Queen of Wands and the marble game
Posted 25 Feb, 2005 at 15:46 by matt in /Arts | Permanent link
There's a game that actors (or at least student actors) sometimes play, one of a number of "closing night" games, that involves a marble. The first person on stage carries a marble, see, and that marble is not permitted to leave the stage within the constraints of the play's direction. The marble is supposed to be passed from actor to actor, on stage, and preferably without the audience ever noticing that there's something strange going on.
Earlier this week, Queen of Wands came to an end. The main character drove off to Boston and a new life. Speculation was rampant that she would join the regular cast of Something Positive, as there had been several past cross-overs between the strips. Well, yesterday that question was answered fairly definitively.
Now, if that was all there was -- random character killed off as a twisted sort of tribute -- then that would be funny enough. But then other cartoonists started to grab for the marble, most notably Straub of Checkerboard Nightmare. (Eric Burns at WebSnark -- an online comics commentator, how cool is that? -- has been tracking appearances, so see his site for more.)

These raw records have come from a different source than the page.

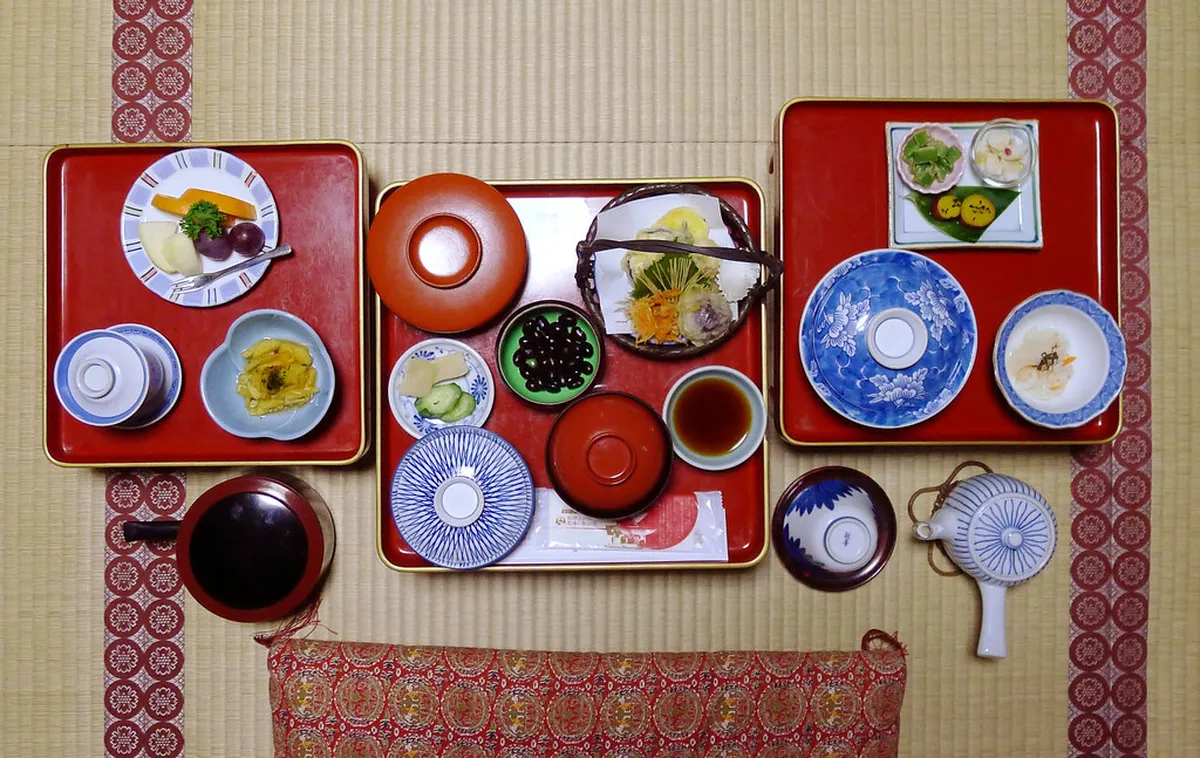 How to Plan Dinner When Koyasan Closes Early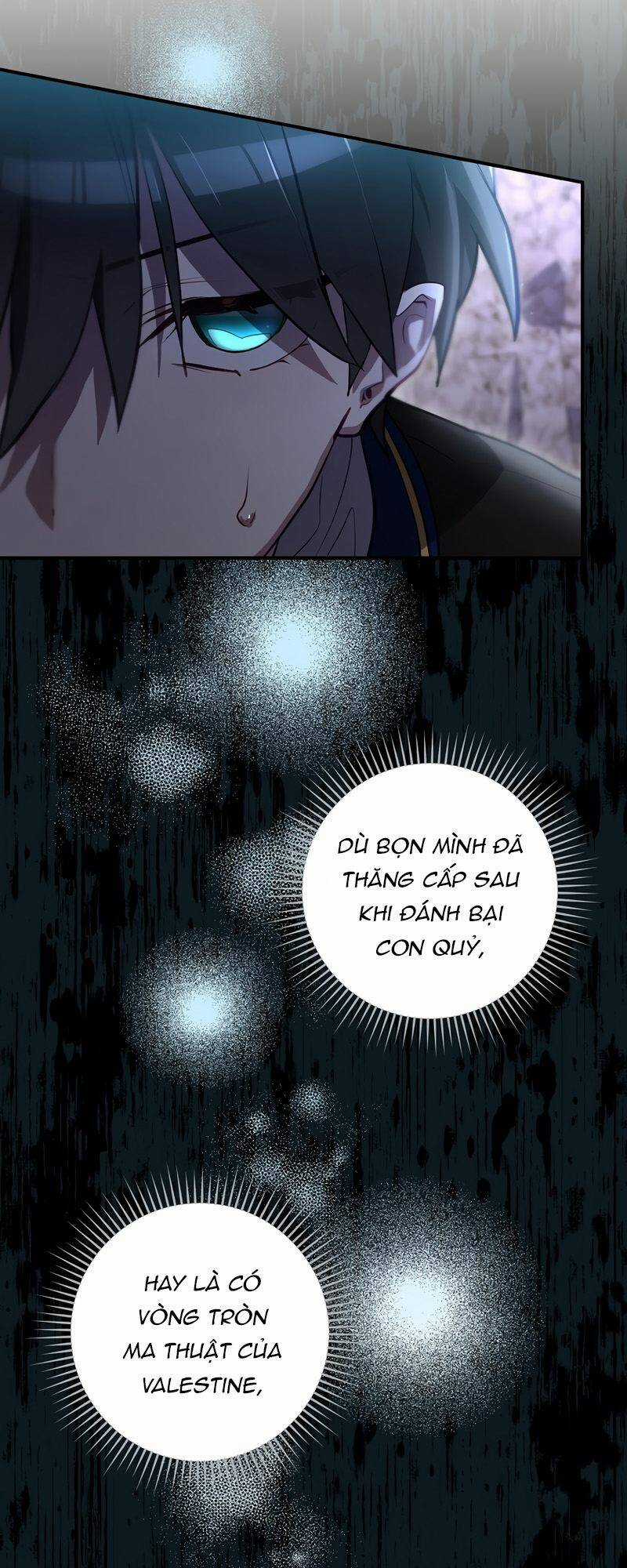 Kẻ Phán Quyết - Chapter 40 - Trang 38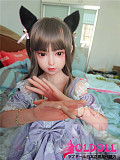 My Loli Waifu 126cm AAカップ 希咲Kisaちゃん シリコン製ヘッド+TPE製ボディー ロり系等身大リアルラブドール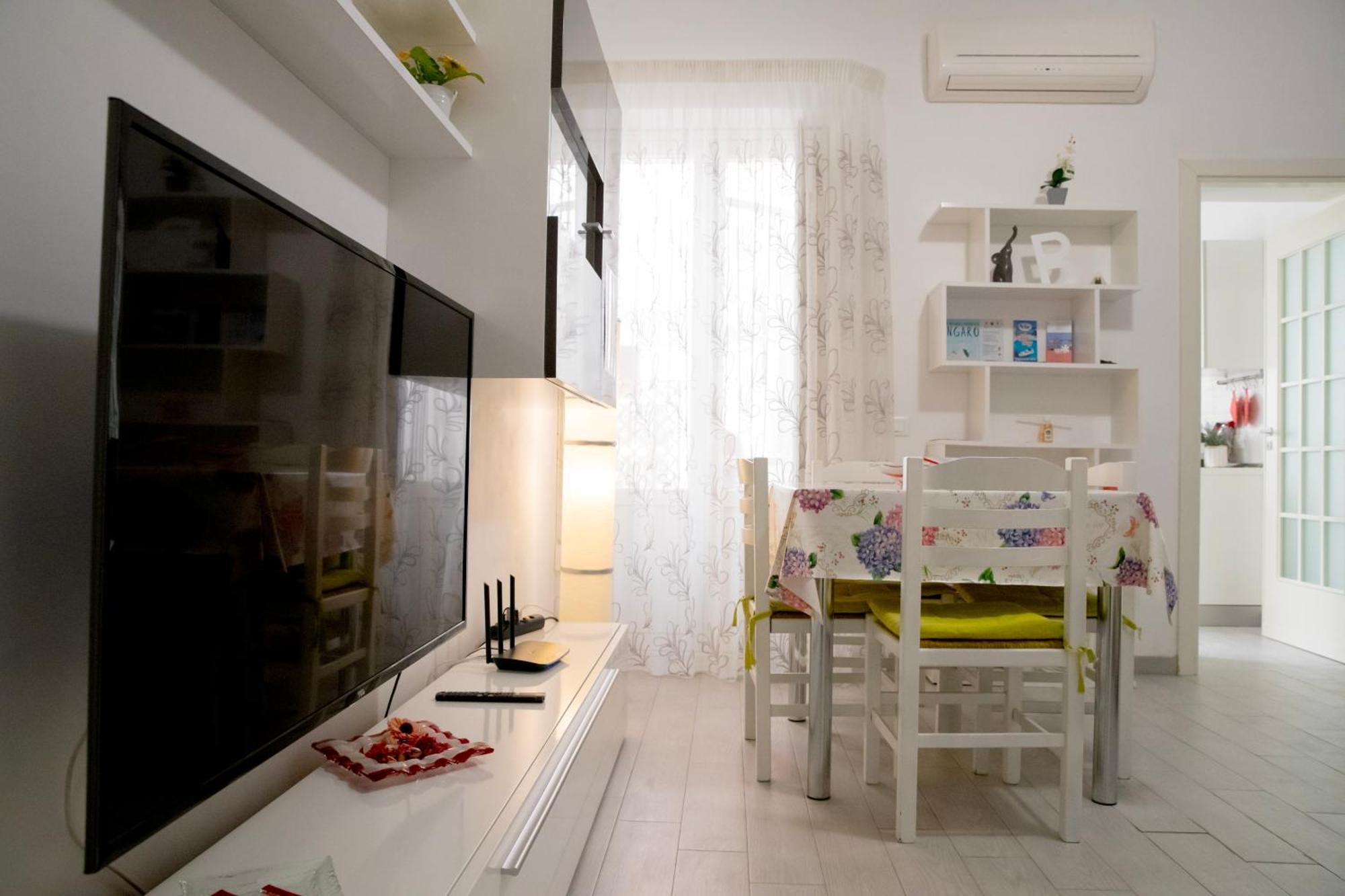 Casa Vacanze La Coccinella Трапани Экстерьер фото
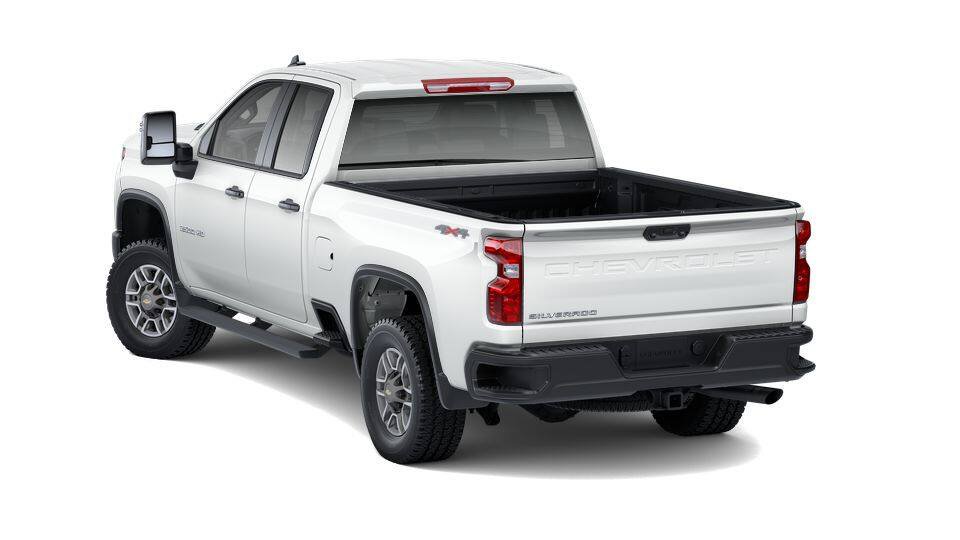 New 2026 Chevrolet Silverado 2500 W/T AWD/4WD image 4
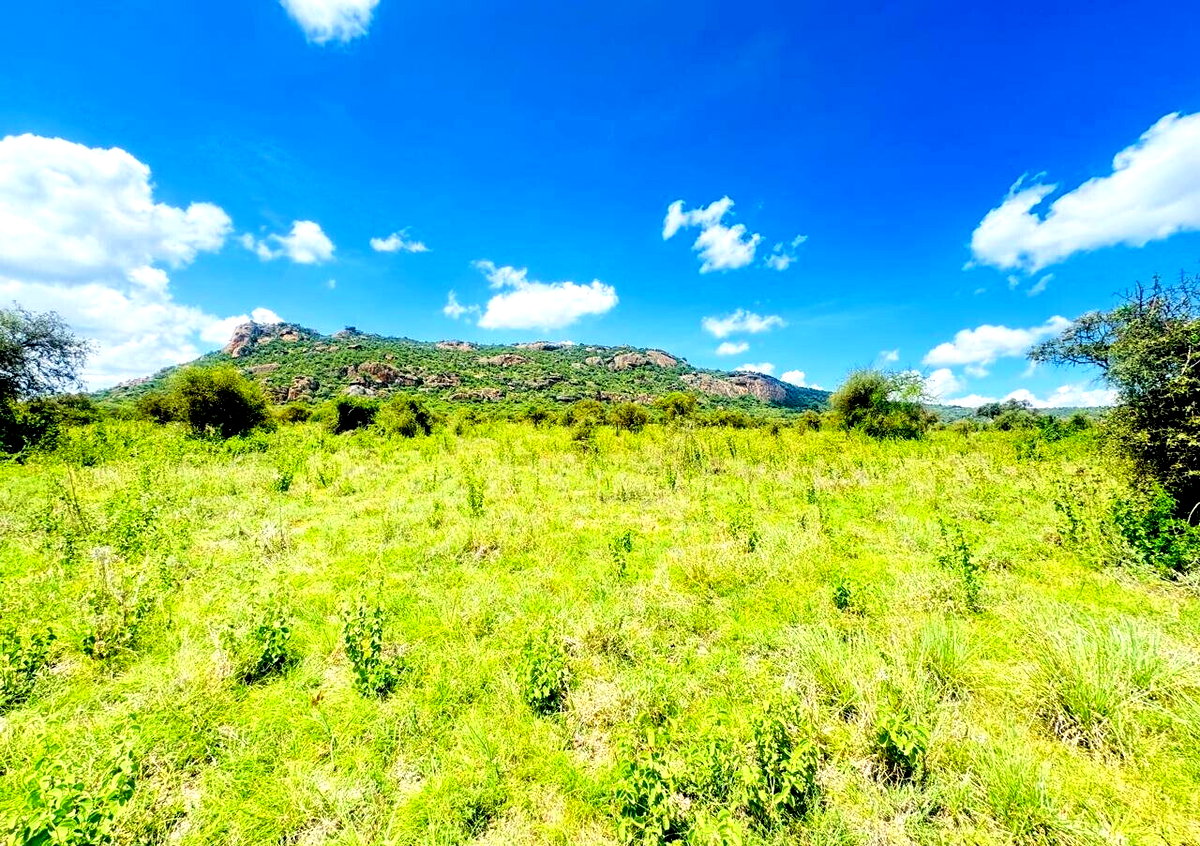 21-Acre Land for KSh 15M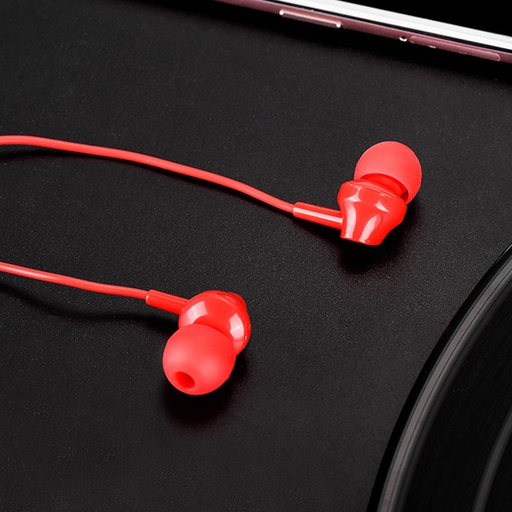 HOCO Wired earphones 3.5mm “M14 Initial sound” with microphone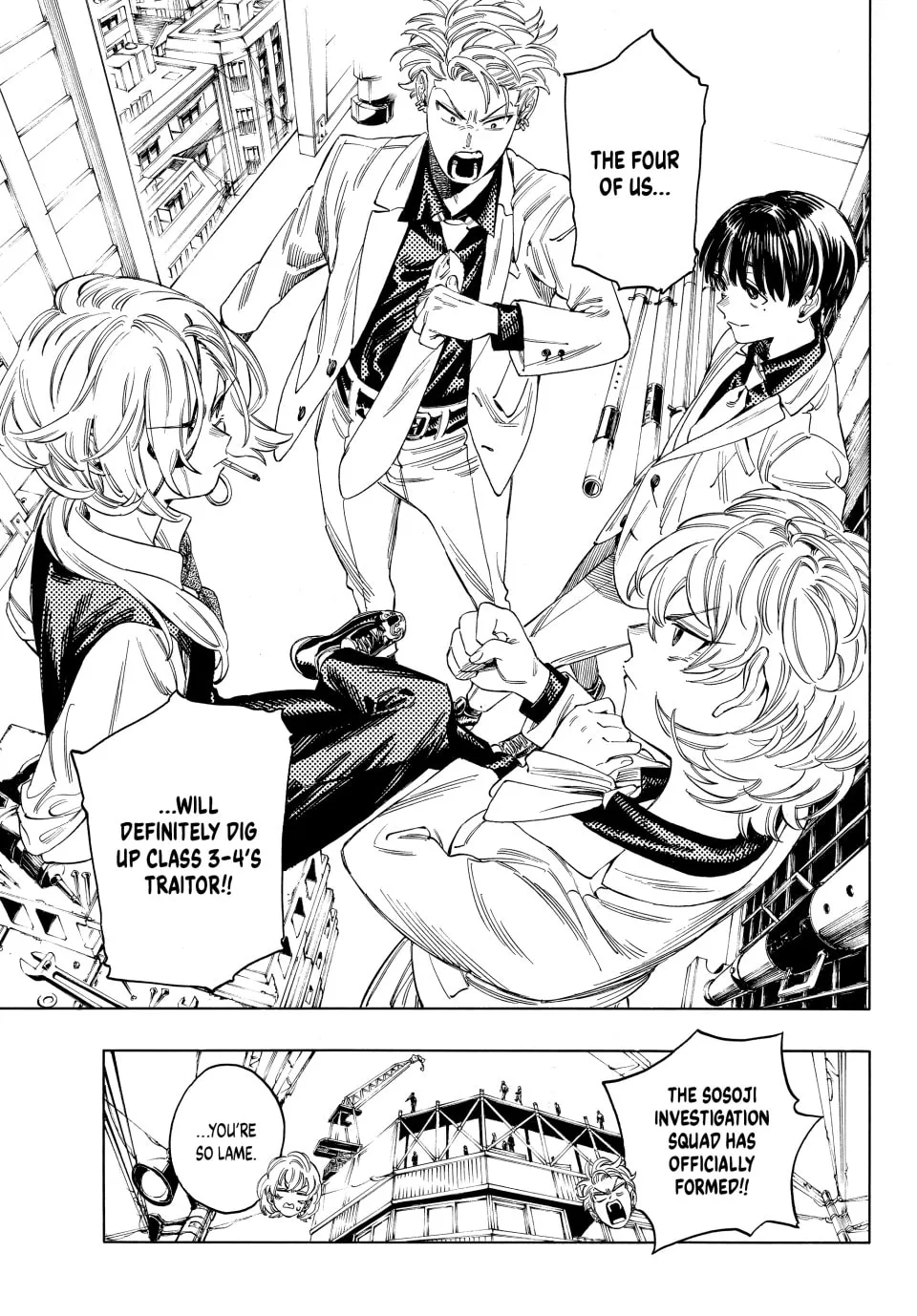 Read Honeko Akabane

The cool part about this, and the part that reminds me of the marble game, is that most of the sightings so far have been in passing... that is, there's nothing happening that mightn't normally happen in the comic in question. Someone dies in the background; in Something Positive, that's not entirely unexpected. Vaporware kills a random pedestrian; this is entirely in character. The Kestrel references aren't the focus of the strips: they're clever, but not in some sense the point. And so -- if you read one of these "tribute" strips without knowing the background -- it's as though there's nothing strange going on.